### Record set:
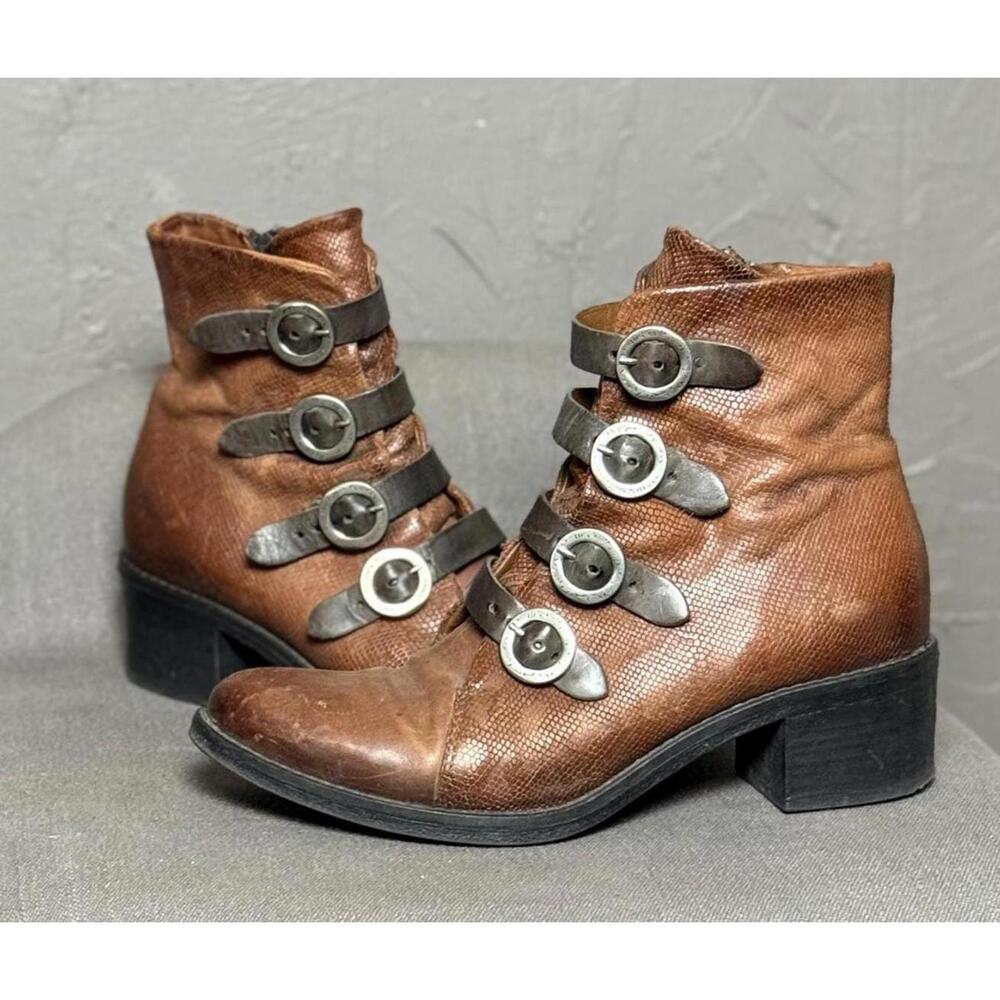 Y2K Buckle Strap Ankle Boots from Miz Mooz size 39 - Picture 2 of 10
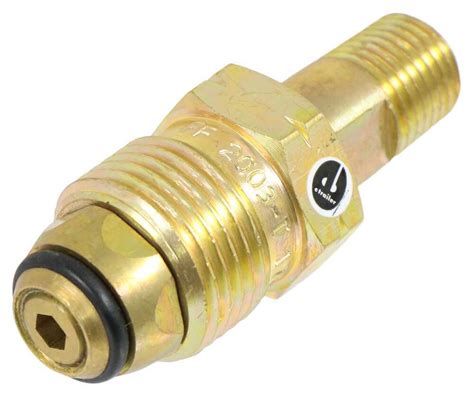 Propane Tank Connector Fitting Soft Nose Pol X 1 4 Male Npt Jr Products Propane Fittings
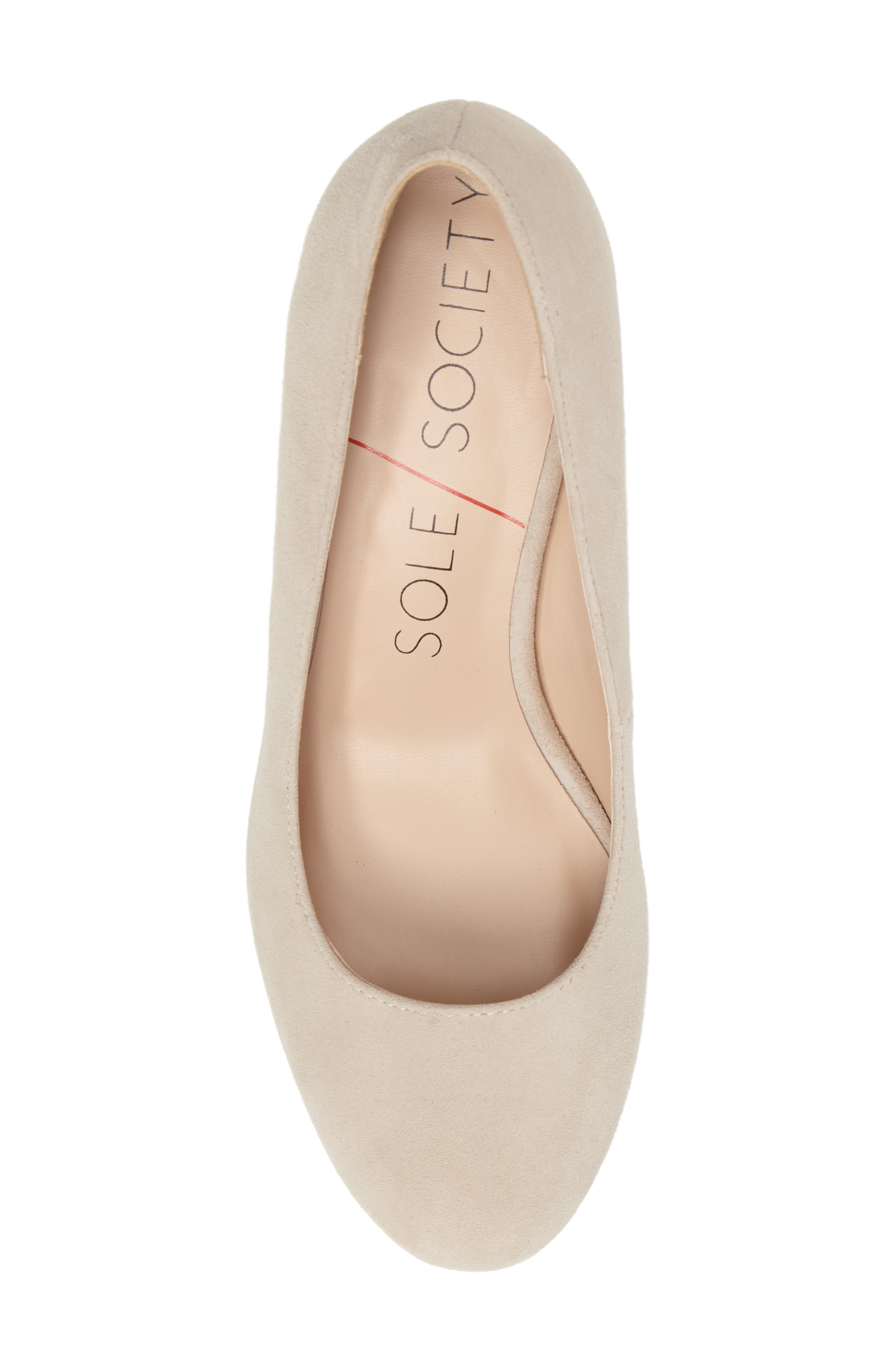 Sole Society Lola Block Heel Pump, Alternate, color, 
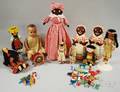 Group of Ten Dolls and Miscellaneous Toy Items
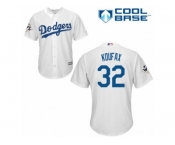 Los Angeles Dodgers #32 Sandy Koufax Replica White Home 2017 World Series Bound Cool Base MLB Jersey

### Task prompt:
This exercise asks for the data above to be given again exactly, without pictures.

### Answer section:
 Y2K Buckle Strap Ankle Boots from Miz Mooz size 39 - Picture 2 of 10
 Propane Tank Connector Fitting Soft Nose Pol X 1 4 Male Npt Jr Products Propane Fittings
 Sole Society Lola Block Heel Pump, Alternate, color, 
 Group of Ten Dolls and Miscellaneous Toy Items
 Los Angeles Dodgers #32 Sandy Koufax Replica White Home 2017 World Series Bound Cool Base MLB Jersey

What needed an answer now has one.